L'Abkhazie est une république autonome faisant partie de la Géorgie. Elle se situe dans sa partie nord-ouest, entre les rivières d'Ingouri et de Psôou. Sa superficie est de 8700 kilomètres carrés ; Sa capitale se nomme Sokhoumi (Soukhoumi).

L’entité étatique géorgienne ne compte pas moins de 35 siècles. Dès le milieu du II millénaire av. J.C., le royaume légendaire de Colchide comprenait une grande partie de la Géorgie contemporaine, y compris le secteur qui est situé entre les rivières d'Ingouri et de Psôou et qui a pris ensuite le nom d'Abkhazie. Depuis cette époque, le territoire actuel d’Abkhazie a été peuplé de Géorgiens et il faisait partie de l’état unitaire géorgien. Sous l’hégémonie romaine et byzantine (Ier s. av. J.C – VIIIème siècle) ainsi que pendant les incursions iraniennes (VIème siècle) et arabes (VIIème siècle), le territoire actuel d’Abkhazie se trouvait au sein de certaines entités politiques géorgiennes, comme Egrissi, Lazique, etc…

La « Vie de Géorgie » (anciennes annales géorgiennes), commence par une information sur la parenté des peuples caucasiens et leurs éponymes. Selon ces annales, le territoire commençant  aux montagnes de Sourami (qui divisent la Géorgie en deux parties, occidentale et orientale) jusqu’aux la mer Noire et la rivière de la Khazarie Mineure (actuel Kouban) a été assigné à Egros, éponyme des Géorgiens occidentaux (les Egueres).
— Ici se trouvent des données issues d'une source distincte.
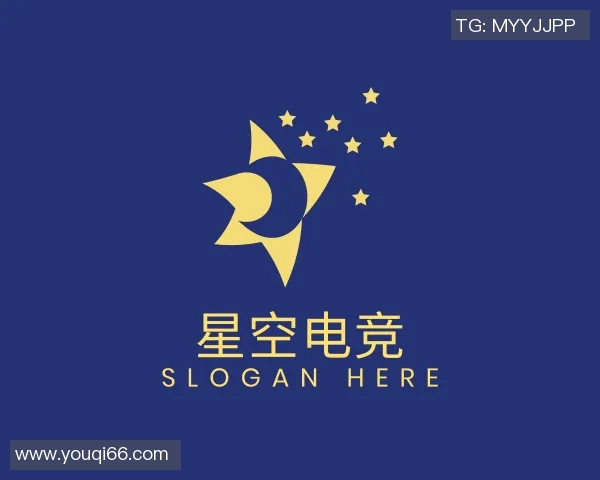 专访杨娜揭秘CSGO成功背后的策略与心路历程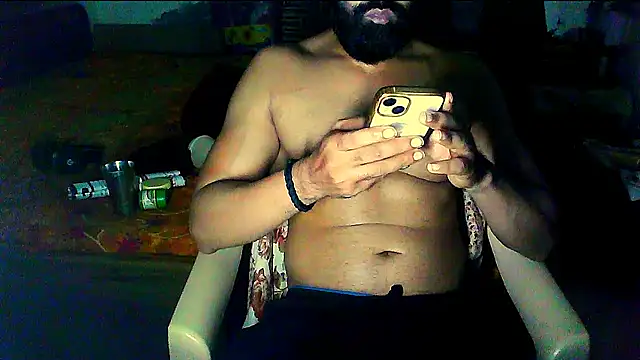 Show de webcam de Vbestshow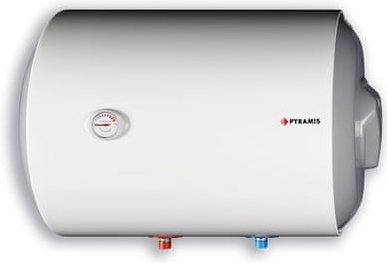 Pyramis Elbo 100 R recenze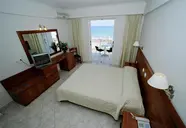 Meridien Beach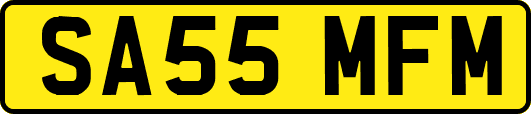 SA55MFM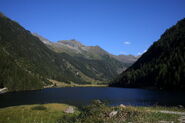 Riesachsee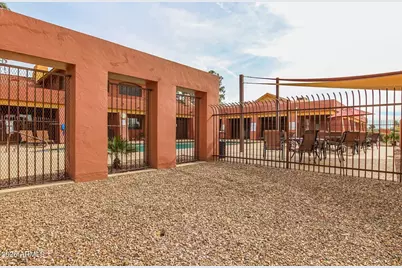 21191 E Calle De Flores --, Queen Creek, AZ 85142 - Photo 47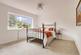 Additional image 21 of Parkside Avenue, Nottingham NG10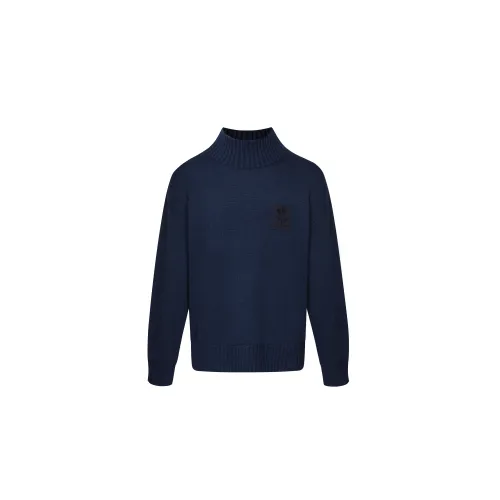 KENT&CURWEN Unisex Sweater
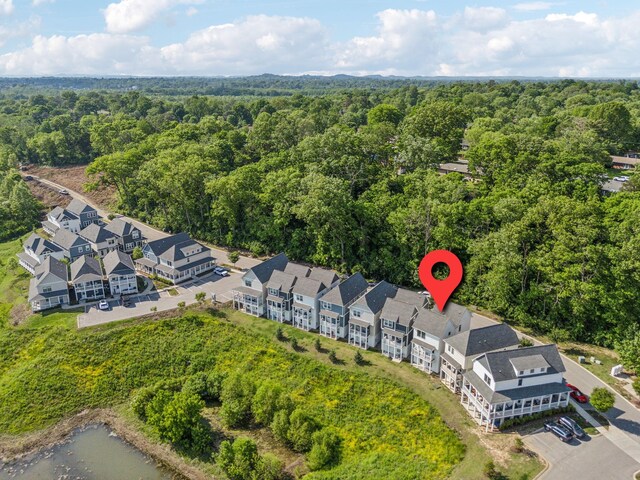 751 Mill Creek Meadow Dr, Nashville, TN 37214 - photo 40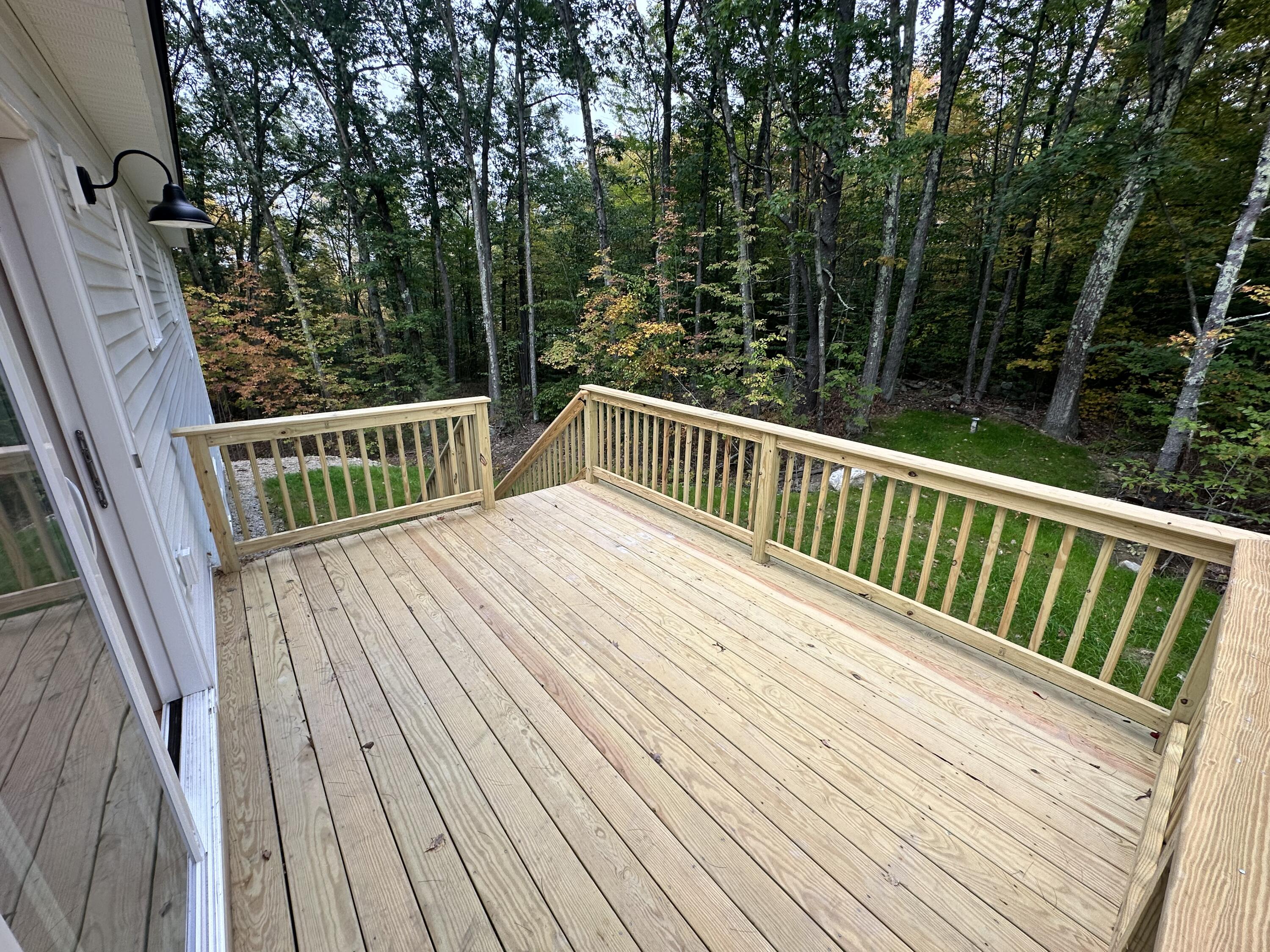 108 Lewiston Road Gray, ME 04039 - Photo 20 of 34 IMG_2400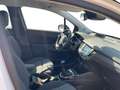 Opel Crossland 1.2 Elegance Klima, LM, AHK Weiß - thumbnail 17
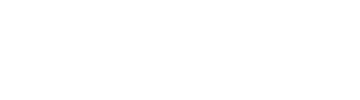 Sonostar Med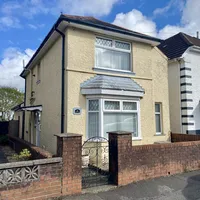 Property 1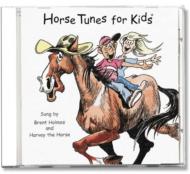 Horse Tunes For Kids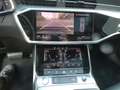 Audi A6 Avant 50 TDI quattro S-Line/Pano/Virtual/B&O Grau - thumbnail 21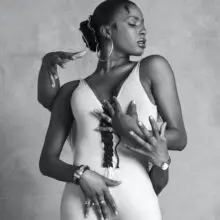 14. STUDIO W. 3OTH STREET Iconic Fem Queen Modavia La Beija 1991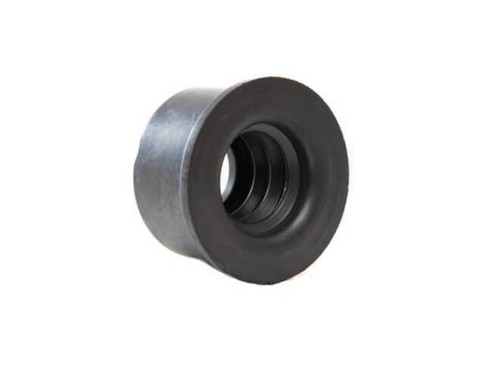Overflow-Rubber-Adaptor-21.5mm
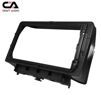 Рамка перехідна CraftAudio FO-019N FORD C-Max 2010+ /Kuga 2013+ /Escape 2012+ 9&quot; - 4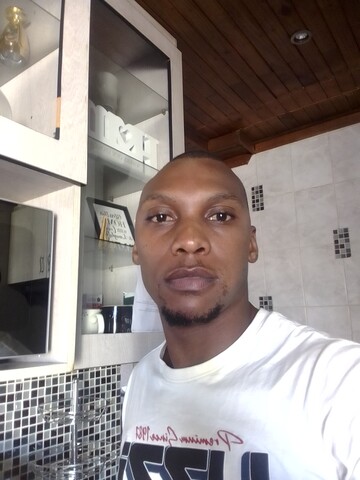 Cheese >? juice, 31 Bloemfontein, Free State, South Africa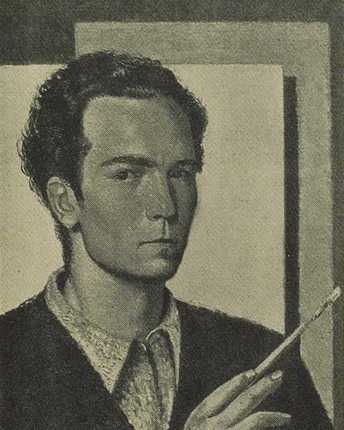 Colacicchi Caetani Giovanni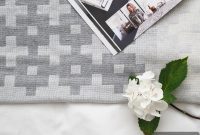 Unveiling September’s Treasures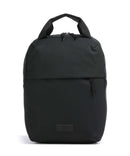 Eastpak Cnnct F Tecum Rucksack matte black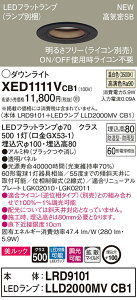 XED1111VCB1 pi\jbN pLED_ECg CSB`  100 gU bN F
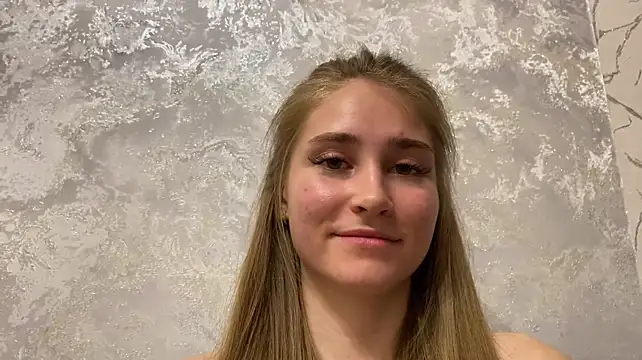 TennisKate webcam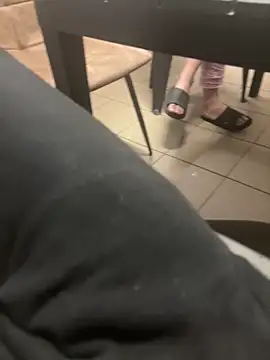 daubine46 online show from April 2026 06:36:01 AM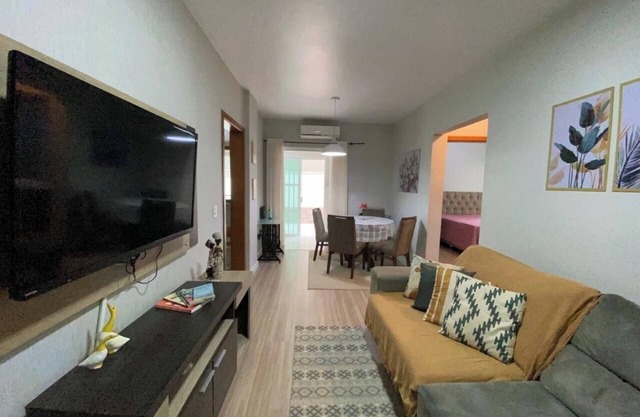 Near Vavazão - book directly with me - IG pabloreidoimovel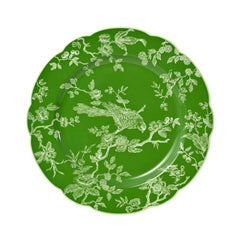 BERNARDAUD | Albertine Service Plate 29.5cm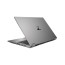 لپ تاپ استوک اچ پی 15.6 اینج 512 گیگابایت مدل ZBook Fury 15 G8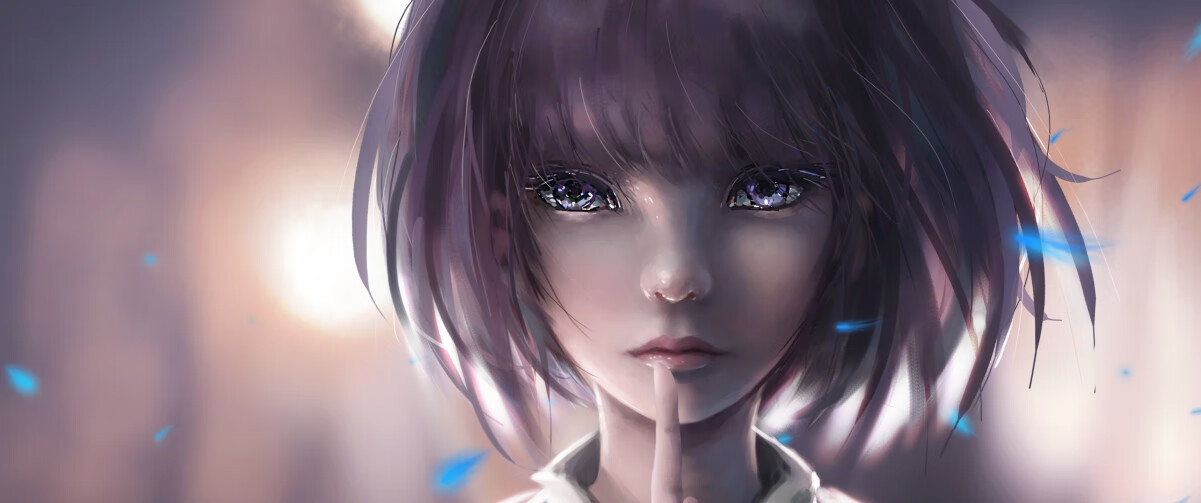 意外游泳比赛突发踩水失误引热议,游泳失误视频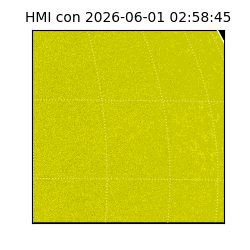 shmi - 2026-06-01T02:58:45
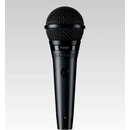 Shure PGA58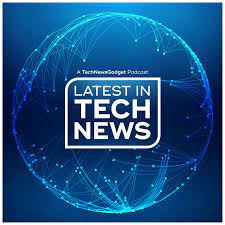 Fast company is the world's leading progressive business media brand, with a unique editorial focus on innovation in technology, leadership, and design. Latest In Tech News Podcast Addict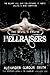 Hellraisers (The Devil's Engine, #1)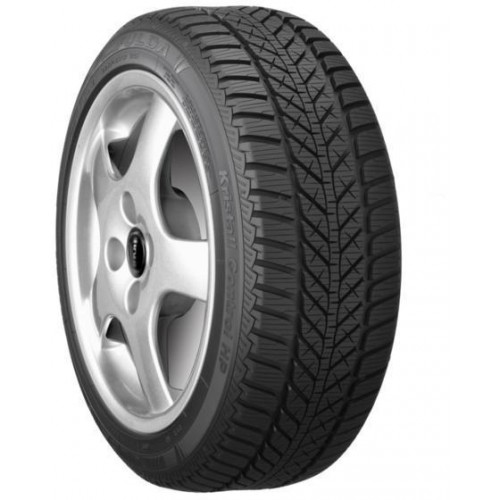 Шины Fulda 195/55 R16 Kri Control Hp H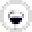 BevHat Icon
Dès l’antiquité, les auteurs romains et surtout byzantins connaissaient bien les Abasgues  (i. e. les Abkhazes historiques) qui sont considérés par les annales géorgiennes comme faisant  partie intégrante des Géorgiens occidentaux et non comme un peuple étranger. Ce point est également attesté chez tous les auteurs romains ou byzantins ayant étudié la question de la généalogie des peuples. On trouve parmi ces auteurs :  Hippolyte de Rome (IIIème siècle), Eusèbe d’Antioche (280-360), l’auteur de « Liber generationis » (334), Eusèbe de Césarée (mort en 340), Épiphane de Chypre (314-303), l’auteur de Chroniques Pascales (630-640), George Syngèlos (VIIIème siècle-IXème siècle.), Léon le Grammairien (IX ème siècle.), Georges Cédrène (IXème siècle), Joan Zonara (XIIème siècle), etc... Ils connaissaient les Apsiles et les Abasgues qui sont mentionnés respectivement dans les sources écrites à partir des Ier et IIème siècles . Aujourd’hui ces tribus sont considérées, à tort par certains savants,  comme étant les ancêtres des Abkhazes actuels, mais en énumérant les peuples du monde à la place   des Apsiles et Abasgues ils mentionnent les colques (Colches // Lazes // Eguers), c’est à dire, les Géorgiens occidentaux (Georgica, t. 1. Tbilissi, 1961, pp. 11-20, 35, 39-41 ; t. 4, livre 1, Tbilissi, 1941, pp. 6-9, 61-63 ; t. 5, Tbilissi, 1963, p. 3-4, 10 ; t. 6. Tbilissi, 1966, p. 191).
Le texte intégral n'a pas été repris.